Each spring, food and beverage professionals gather in Columbia, South Carolina, to celebrate the Midlands’ distinguished and growing culinary scene. After a couple years of postponed and then scaled-down events due to Covid-19, the 2022 Columbia Food and Wine Festival showcased the state capital’s rich eating and drinking culture through expertly crafted small bites from local restaurants, multi-course meals that turn eating into education, and culinary crawls to destinations throughout the area.
Events unfolded over the course of five days, running from March 30 to April 3. The mid-week kick off allowed for Columbia residents to experience the festival’s talent before visitors arrived for a weekend of eats and drinks. A collaborative three-course dinner launched the festivities on Wednesday evening. Presented by the chefs Alex Strickland, Javier Uriarte, and David Grillo, the meal fused elements of the French mainstay Black Rooster with the more recently opened restaurants Ratio and Boca Grande.
Event goers traded their seats for strolling on Thursday with the Mixer on Main. This cocktail competition brought the city’s leading mixologists to the Columbia Museum of Art, where they pitted classic drinks against creative ones and sweet flavors against smoked. Determining the best cocktail was placed in the attendees’ discretion—if they weren’t too distracted by the abundance of small bites provided by neighboring restaurants from the Main Street District.
Friday welcomed visitors arriving for the weekend festivities with Dinner on the Green, an en plein air meal held at the Boyd Foundation Horticultural Center at the Hampton-Preston mansion. Guests enjoyed hors d’oeuvres and aperitifs while checking out the newly opened center, which supplied the inspiration for the following four-course dinner. Four chef ambassadors—selected for their dedication to using South Carolina-produced ingredients—designed every dish, which ranged from perfectly seared vermillion snapper with spring vegetable succotash, citrus dashi, and a micro kale and mustard salad to decadent Hickory Hills Farm buttermilk pie with locally grown strawberries.
Columbia Food and Wine Makes a Weekend Destination
Festivities surged on Saturday with a day packed with brewery tours, cooking classes for kids, and seated sake meals, and spotlights on surrounding suburbs. At Kids Can Cook Too, sponsored by Publix, youngsters donned their chefs hats and aprons to learn how to shop for and prepare ingredients, which materialized as pizzas and frosted cookies.
Some of the older festival attendees instead opted to drink their carbs at four of the craft breweries making a mark on Cola’s artisan drink scene. Aboard busses, they made rounds to Steel Hands Brewing, River Rat Brewery, Columbia Craft, and Savage Craft. The hazys, ambers, pale ales, and lagers were broken up by conversations with the master brewers and specialty snacks.

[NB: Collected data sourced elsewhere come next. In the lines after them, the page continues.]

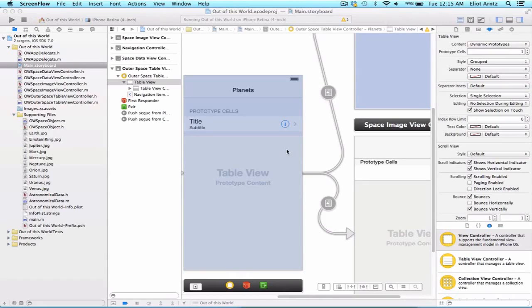We need to figure out how to design our new view controller where we're going to be able to add space objects to our project. As we always do when programming, let's break up this task into smaller, more manageable tasks.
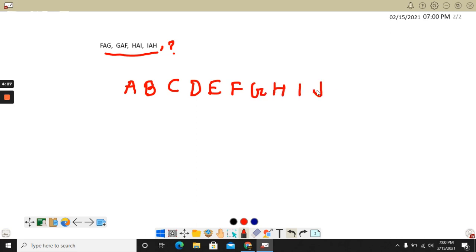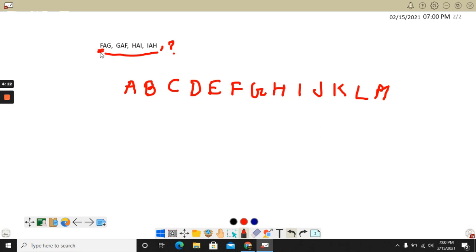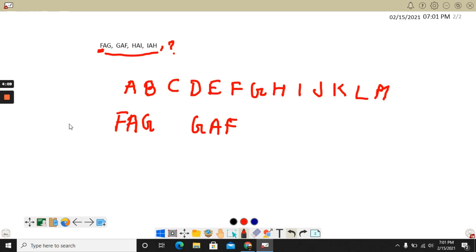Now in this series, if we see, the first letter is F. F-A-G. Next is G-A-F. So if we observe, we can easily see first of all F-G, it has been reversed in the next letter. G has been put to this place and F has been put to this place.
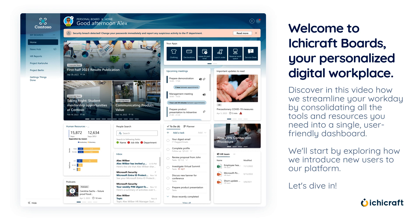Welcome to IchiCraft Boards, your personalized digital workplace. Discover in this video how we streamline your workday by consolidating all the tools and resources you need into a single, user-friendly dashboard. We'll start by exploring how we introduce new users to our platform. Let's dive in.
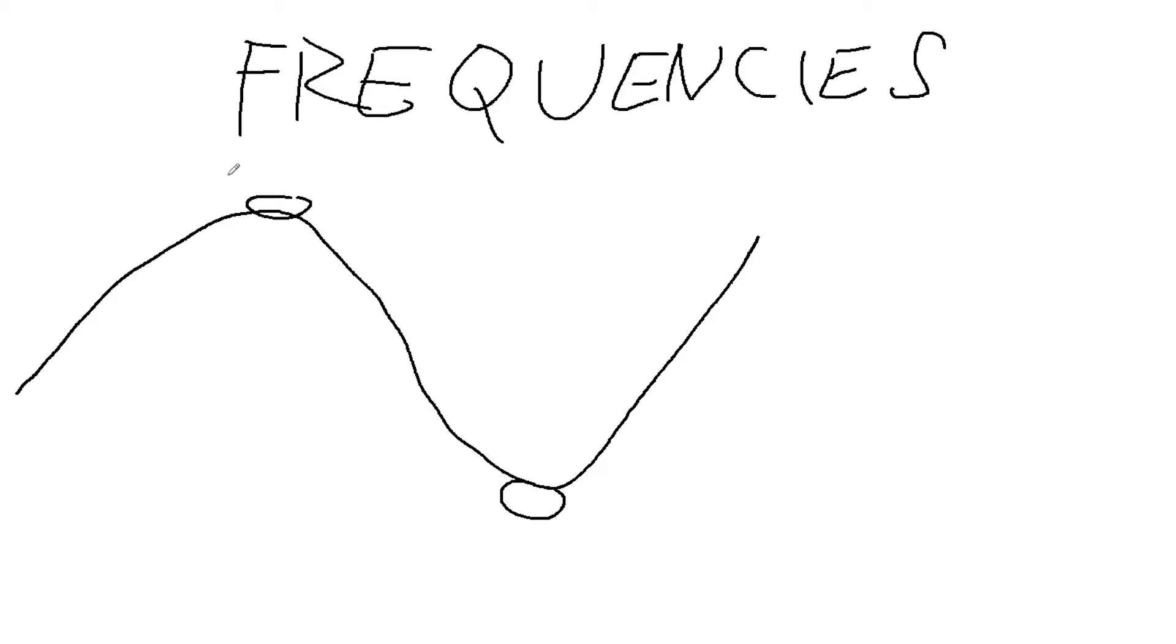Since you started watching this video, you already took a breath a few times and your heart beat a few times. So frequencies are everywhere and you can use them to your advantage if you know how they work and where you exactly are.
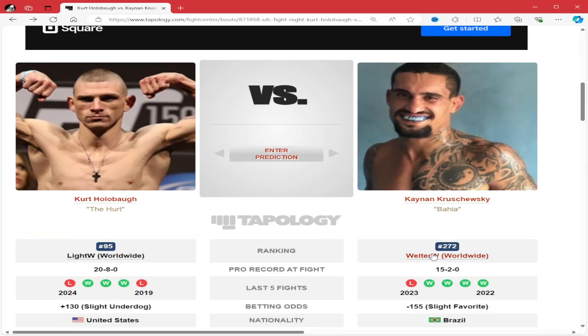As always guys, subscribe, like, comment, let me know who you're picking. Peace.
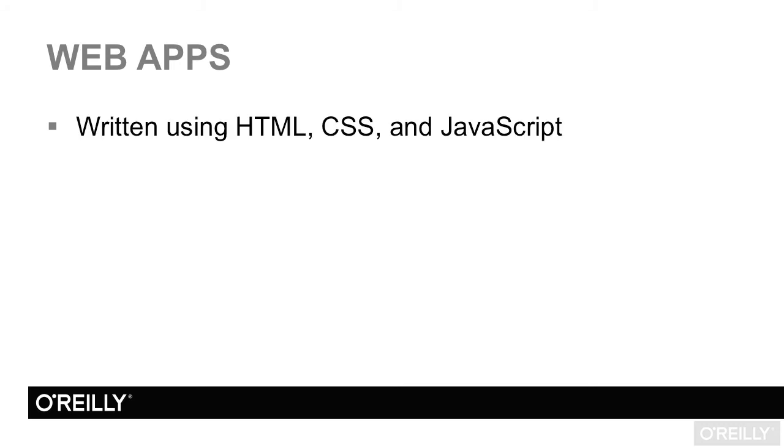Web apps are written using standard, free, and open source languages that thousands of web developers are already familiar with.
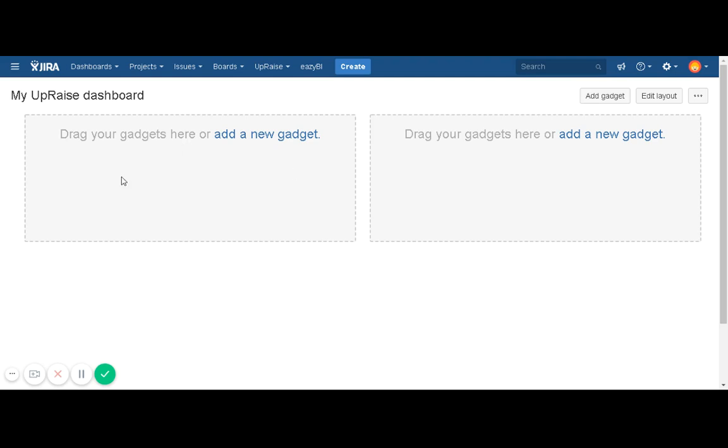So that's how you can create a dashboard on Jira.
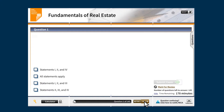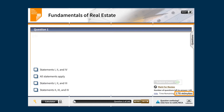You may go back to review your answers by selecting review questions, or submit your exam by selecting submit exam. Select submit exam when you feel you are ready. You will have 180 minutes to answer the exam.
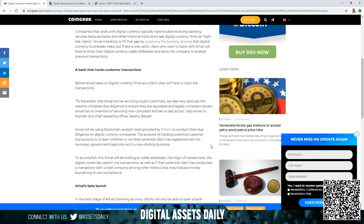And before Arrival takes on digital currency firms as a client, they will have to track the transactions. To the extent that Arrival will be servicing crypto customers,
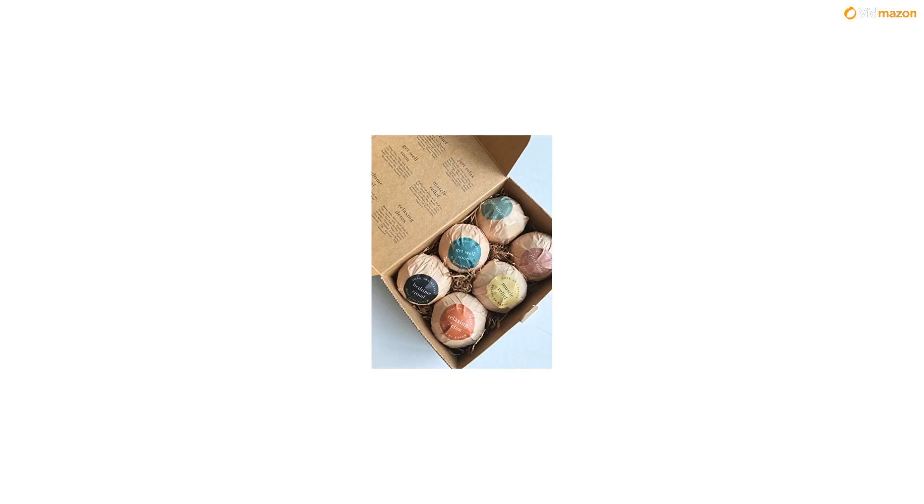If there's someone you know who deserves to unwind, our bath bombs make the perfect Mother's Day, Christmas, or birthday gift.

A different sort of liquid grain took centerstage at the Sake & Sushi luncheon, held at M Space/Miyo’s, a Pan-Asian restaurant and event space. Three types of sake, selected by Miami-based sake sommelier and importer Andrew Sowers, complemented a selection of regional Asian specialties, including sushi, Thai lettuce wraps, and peking duck.
The weekend culminated in the Grand Tasting, an outdoor bacchanal with chef-driven bites from more than forty restaurants and vendors along with wines, beers, cocktails, and kombucha flowing from the dozens of craft beverage brands on site. The Robert Mills House and Gardens provided the perfect backdrop for the event, which unfolded upon the block surrounding the estate, the front yard, back gardens, and carriage house.
So often, tasting events involve a large number of beverage offerings and fewer for food, but the selection at the Grand Tasting ensured no guest left hungry. From smash burgers to duck confit tacos and smoked pork belly to gnocchi cacio e pepe, guests could leisurely meander around the property, snacking, sipping, and walking it off—on repeat—for the afternoon.
Even though the 2022 Columbia Food and Wine Festival is barely over, applications are already open to vendors interested in participating in the 2023 event. And, for food and drink enthusiasts who can’t wait for next year, the vibrant dining options in Cola’s Main Street District and Riverwalk District are the perfect amuse bouches to tide us over.